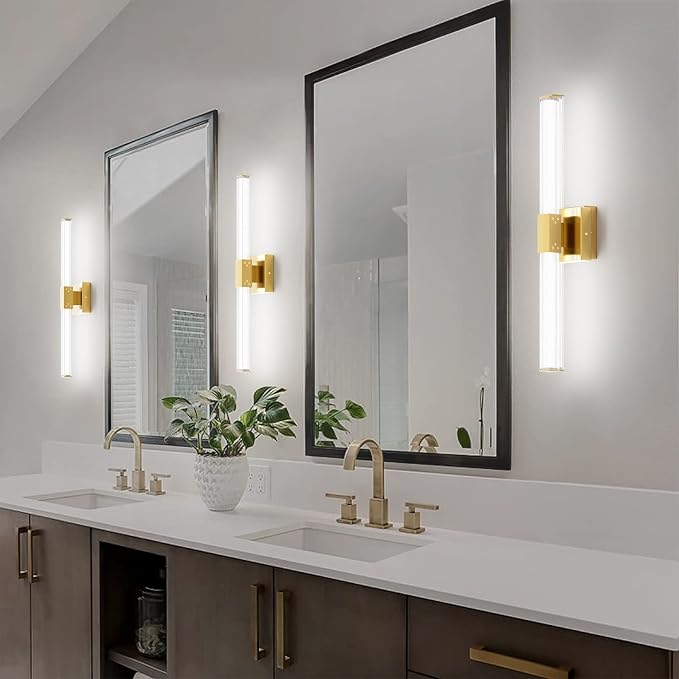Ralbay 24inch Gold Bathroom Vanity Light Bar 22W Modern LED Vanity Lights Gold Bathroom Wall Mounted Light Fixtures Over Mirror(5500K White Light)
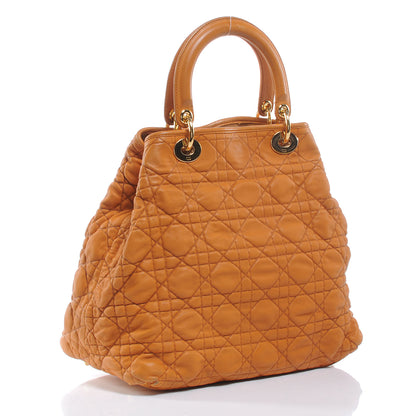 Christian Dior Lambskin Cannage Soft Lady Dior Tote Orange 3 of 8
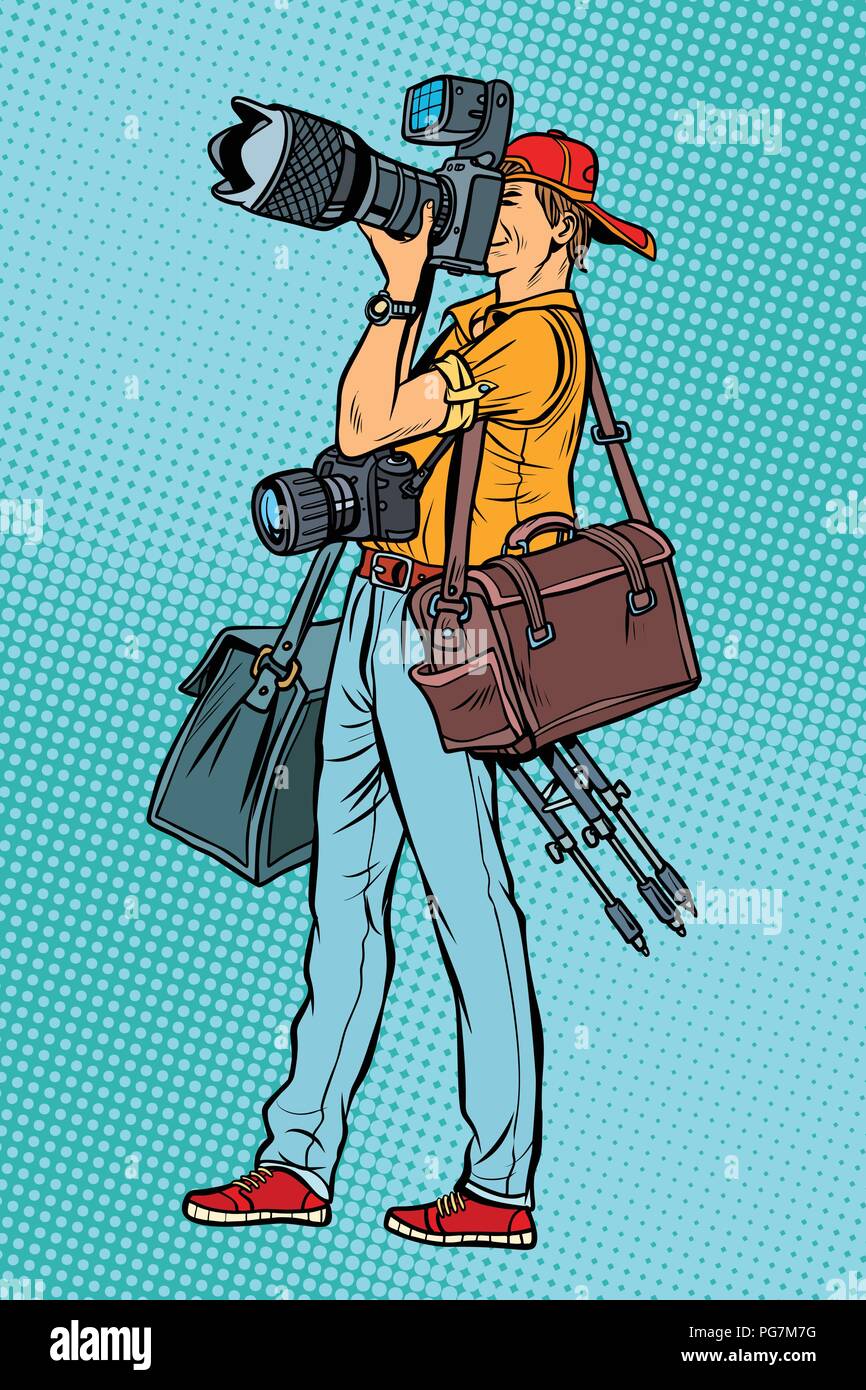 Professional photographer with camera and equipment Stock Vector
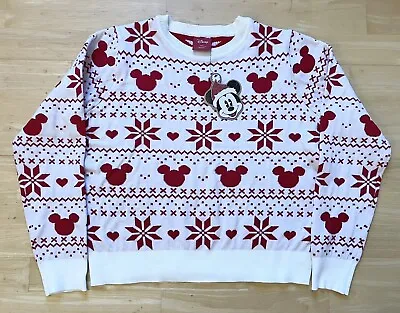 Buy Large 42  Chest Disney Minnie Mouse Christmas Sweater Jumper Xmas Primark • 34.99£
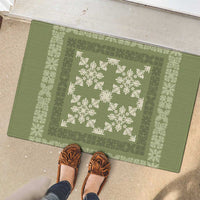 Hawaiian Quilt Pattern Rubber Doormat Lime Hawaii Culture Tropical LT9 - Polynesian Pride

What is needed ▸ Output only the lines from the one that contains "Buy Large 42" to the end of the entries above, both end lines included, and drop the pictures.

Written answer ▸
 Buy Large 42  Chest Disney Minnie Mouse Christmas Sweater Jumper Xmas Primark • 34.99£
 Hawaiian Quilt Pattern Rubber Doormat Lime Hawaii Culture Tropical LT9 - Polynesian Pride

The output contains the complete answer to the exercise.